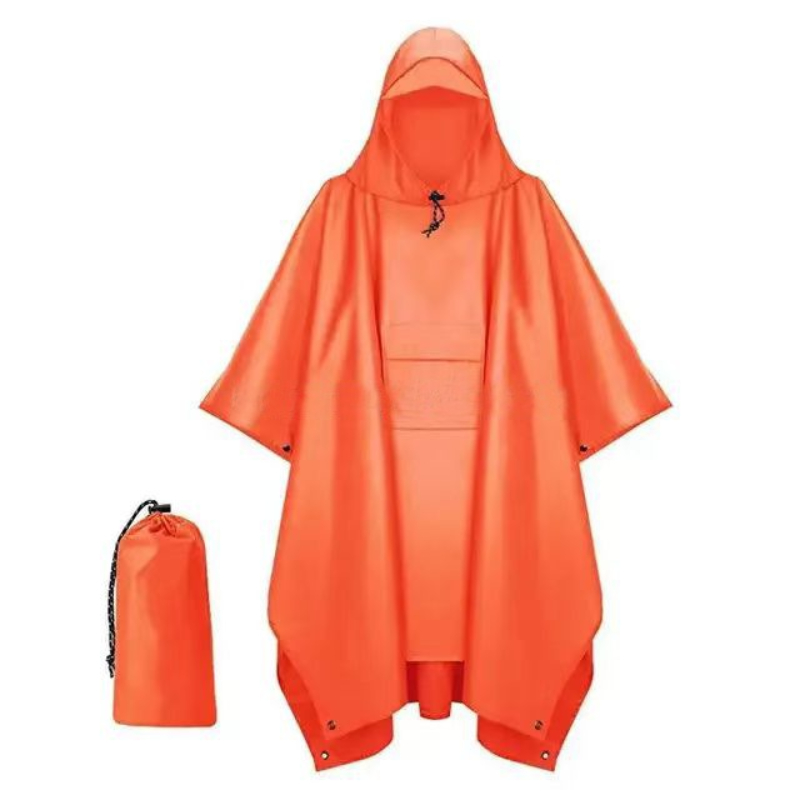 Camping Rain Poncho - Płaszcz przeciwdeszczowy wojskowy 3 w 1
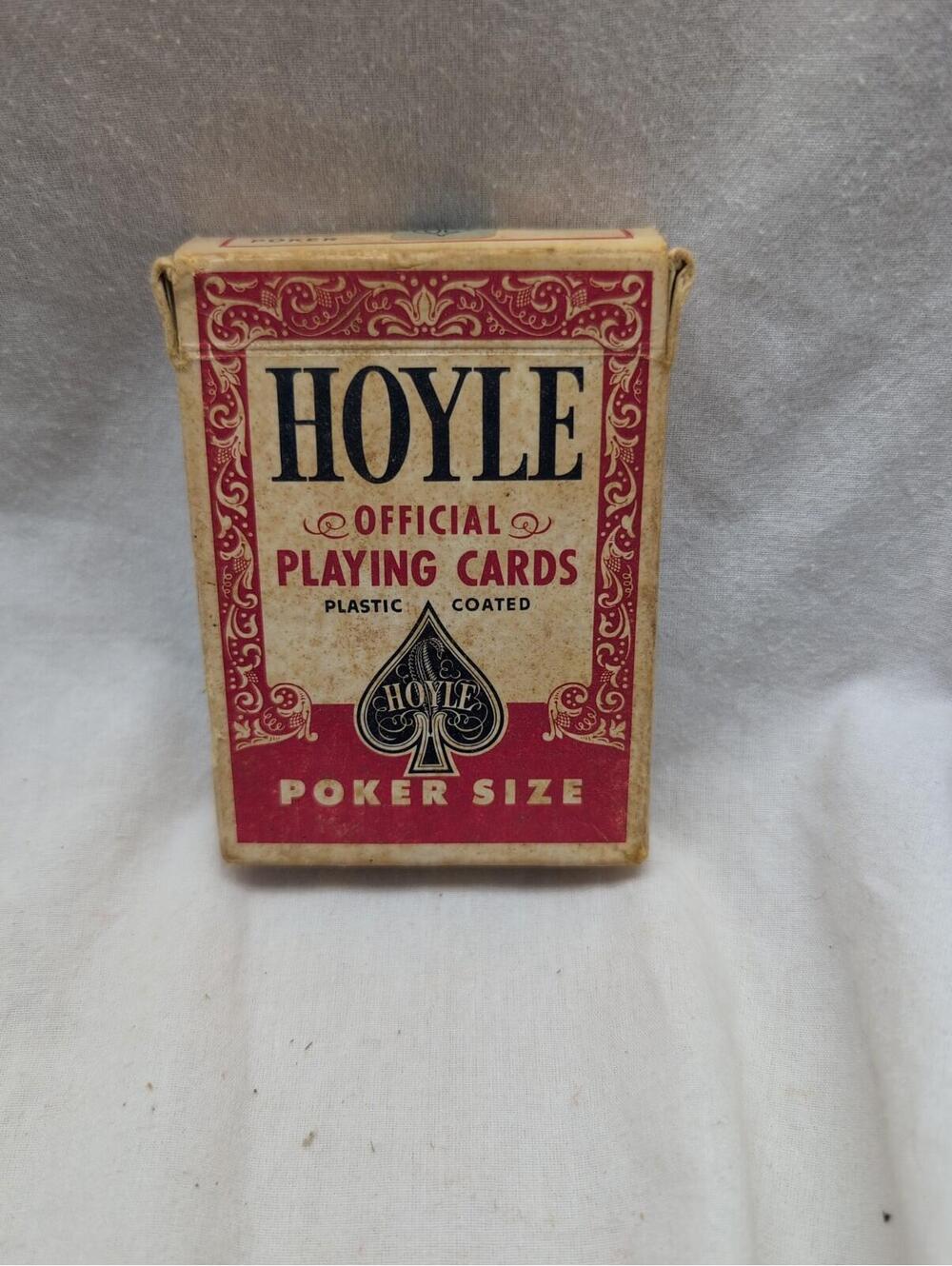 Hoyle Poker Size Plastic Finish Playing Cards Stancraft Products Made in USA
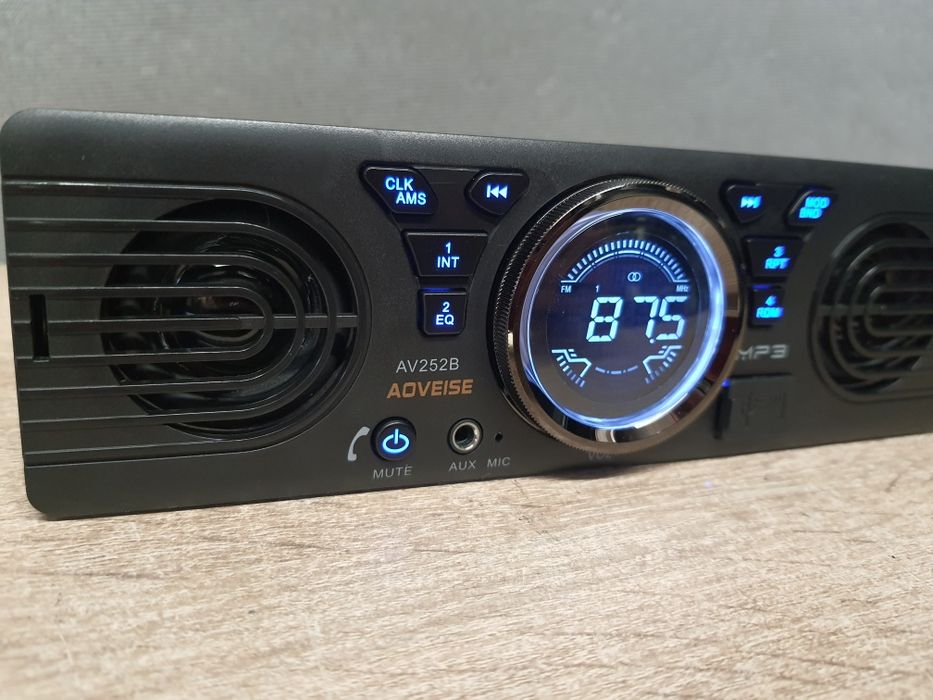 Radio z głośnikami, samochód koparka ciągnik z Bluetooth, USB, AUX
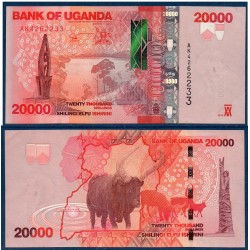 Ouganda Pick N°53a, Billet de banque de 20000 Shillings 2010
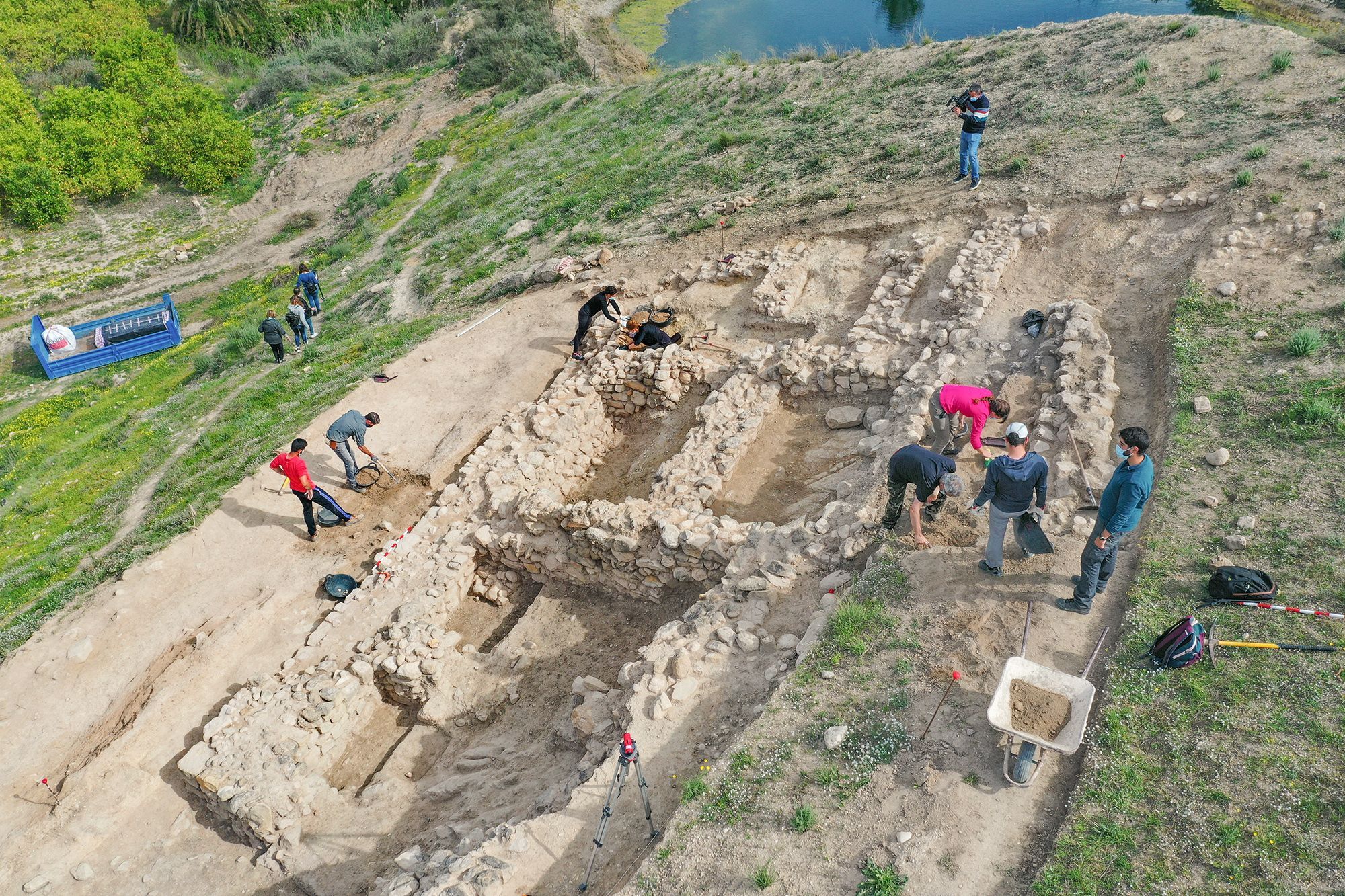 Excavaciones arqueológicas en el yacimiento de Los Saladares de Orihuela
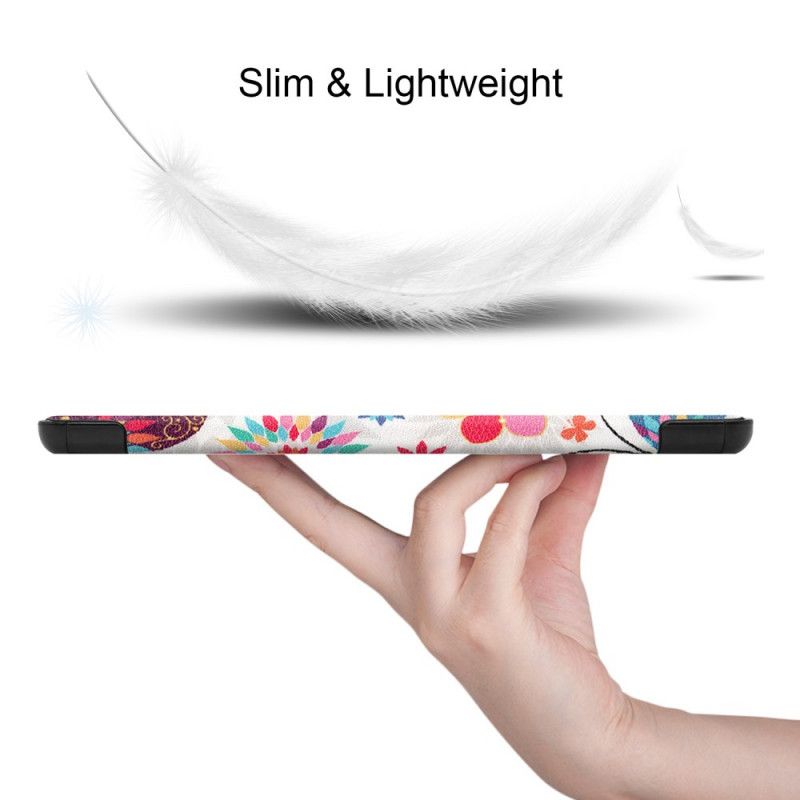 Smart Case Huawei MatePad T 8 Retro Vlinders En Bloemen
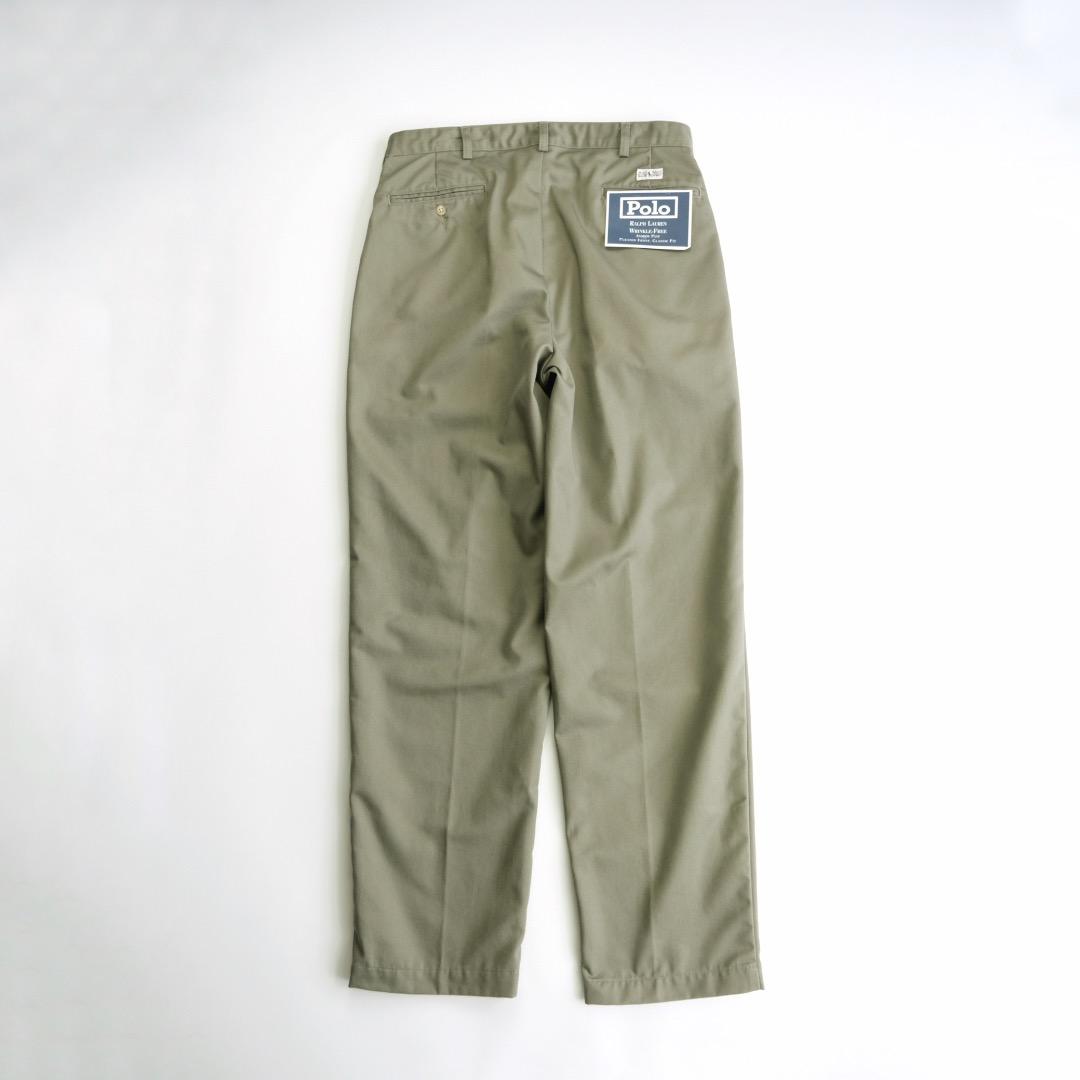 ラルフローレン　90s ツータックチノパンツ　34×32 デッドストック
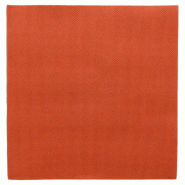 Serviette en ouate gaufré 2 plis terracotta 39x39cm - par 1200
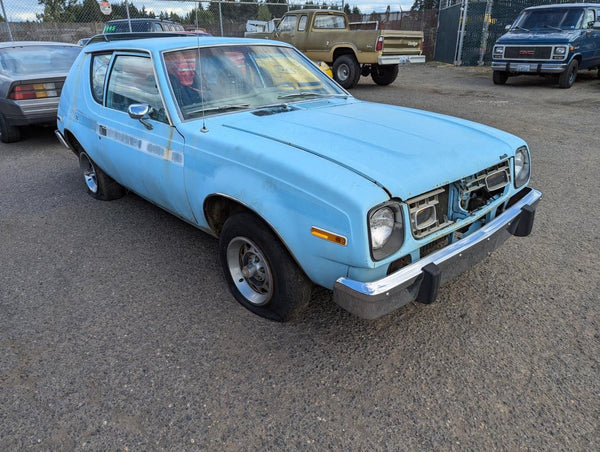 1977 Gremlin AMX AMC 3-Spoke Steering Wheel, Bare, Black - OEM15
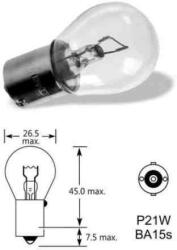 ELTA 12V 21W BA15s Piros Izzó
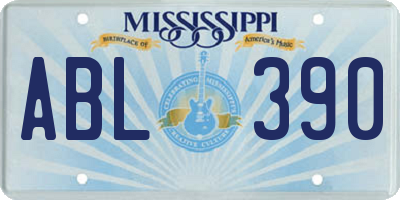 MS license plate ABL390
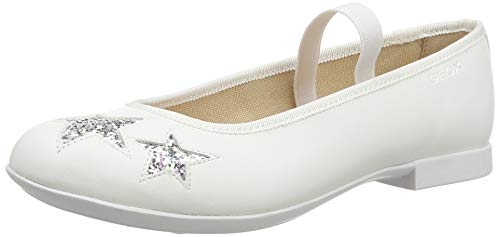 Geox Mädchen Jr Plie' G Ballerinas,Weiß,38 EU von Geox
☆ ☆ ☆ ☆ ☆ ☆ ☆
Activity: Apart from the images, print all the material above exactly as given.

Response below:
 Camping Rain Poncho - Płaszcz przeciwdeszczowy wojskowy 3 w 1
 Hoyle Poker Size Plastic Finish Playing Cards Stancraft Products Made in USA
 Radio z głośnikami, samochód koparka ciągnik z Bluetooth, USB, AUX
 Ouganda Pick N°53a, Billet de banque de 20000 Shillings 2010
 Excavaciones arqueológicas en el yacimiento de Los Saladares de Orihuela
 Smart Case Huawei MatePad T 8 Retro Vlinders En Bloemen
 ラルフローレン　90s ツータックチノパンツ　34×32 デッドストック
 Serviette en ouate gaufré 2 plis terracotta 39x39cm - par 1200
 1977 Gremlin AMX AMC 3-Spoke Steering Wheel, Bare, Black - OEM15
 ELTA 12V 21W BA15s Piros Izzó
 MS license plate ABL390
 Geox Mädchen Jr Plie' G Ballerinas,Weiß,38 EU von Geox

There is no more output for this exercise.